En paralelo al pietismo desvergonzado, Los invisibles recae en algunas de las características más desgastadas del género, como la anticipación folletinesca en el cierre de cada capítulo ("La Enana se hundió en el sueño con el recuerdo de los ojos de ese hombre y la certeza de que aceptar el viaje había sido un error") o los diálogos huecos y de un coloquialismo haragán ("—Supongo que la tonta también./ —No le digas así./ —Bueno... la muda./ —¿Sos pelotudo, Ajo?/ —¿Vos qué la defendés, idiota?").
Sin embargo, a partir del cuarto capítulo, en el que los protagonistas entran al monte uruguayo, se arman con machete y navaja contra los animales salvajes, y Ajo abre sus "ojos de animé", la novela penetra, ella también, al relato de aventuras en una textura distinta. Y es en esta vertiente donde Los invisibles tiene sus mejores momentos. El imaginario de la animación japonesa reaparece de manera constante; ya sea en la figura de Luisa, una de las veraneantes acaudaladas, que hace pensar en la princesa Mononoke de Hayao Miyazaki cuando monta "sobre el lomo del más joven de los perros, que esperaba a que ella se abrazara a su cuello antes de salir a galopar"; ya sea porque el narrador lo enuncia explícitamente ("De pronto los pájaros cantaban y un viento fresco barría con la tormenta haciendo que todo pareciera nuevo, tierno, calmo como esos mundos de animé que veía en la trasnoche del cine de Once"), lo cierto es que ese marco de ficción animada le permite a Los invisibles desembarazarse de la carga del realismo social mal entendido, aflojar y aflorar hacia pasajes más creativos.

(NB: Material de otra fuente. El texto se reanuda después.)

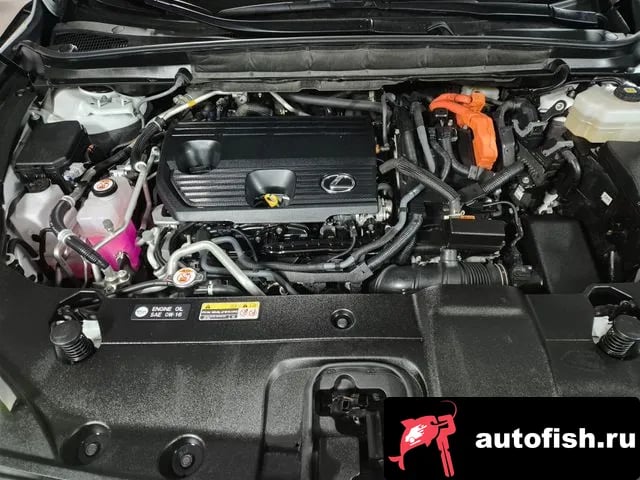 Lexus RX RX450h + 5th generation 2024 года - похожие автомобили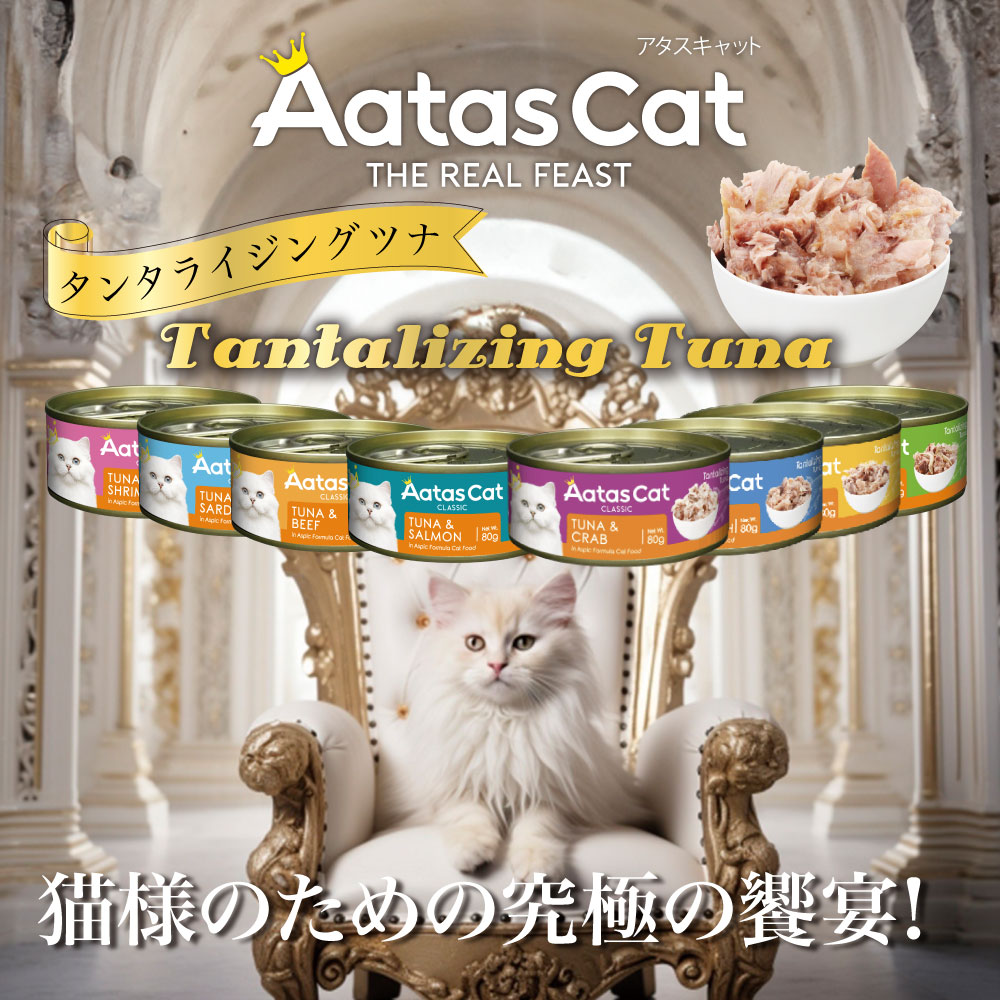 ������ ����å� ���󥿥饤���� �ĥʡ������֥꡼�� 80g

La máquina curativa y la mansión futurista de un ruso millonario a las que una joven jugadora de ping pong les da acceso para que Ajo se cure de una mordedura de serpiente perfilan la novela en un sentido mucho más imaginativo, cercano tal vez a algunas novelas de César Aira, en las que la resolución de los conflictos desprecia la verosimilitud y exacerba, en cambio, los desenvolvimientos más delirantes e inesperados.

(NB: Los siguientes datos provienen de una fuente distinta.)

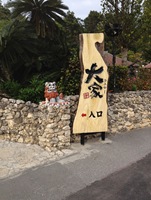 IMG_6260 IMG_6260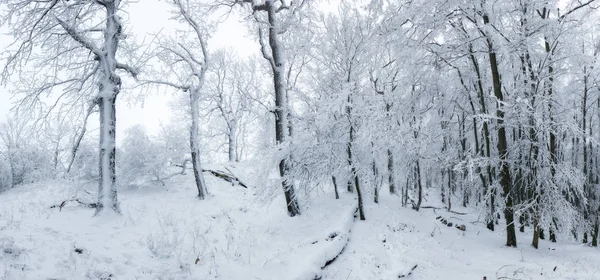 Panorama zima leśnych drzew pokryte śniegiem — Zdjęcie stockowe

Pero el mandato de "dar un mensaje", recae finalmente sobre Los invisibles, y el ping pong, el vodka y la máquina espacial que cura a Ajo se desdibujan pronto para dar paso al retorno de la novela "con contenido social" en su faceta más tergiversada: el guion de Hollywood. La mafia de los guardias de seguridad que se aprovecha de sus ingenuos patrones no sólo recluta niños de la calle para sus fechorías sino que, ambición mayor, buscan propagar el miedo en las casas de los ricos honrados (porque algunos ricos sí son honrados en Los invisibles) y, así, volver aún más necesarios sus servicios de protección. En una escena final forzada, el malvado guardia de seguridad que había digitado los robos desde las sombras queda al descubierto y las contradicciones se resuelven de un modo trágico, con el disparo inverosímil de una pistola olvidada al alcance de los niños burgueses.
Una novela plagada de lugares comunes, redundante y explicativa por demás, Los invisibles por momentos amaga con zambullirse en el "mundo irreal" en el que Ajo, Ismael y la Enana viven unos días de aventura infantojuvenil, pero recula y se pliega a las premisas cómodas de la novelística convencional.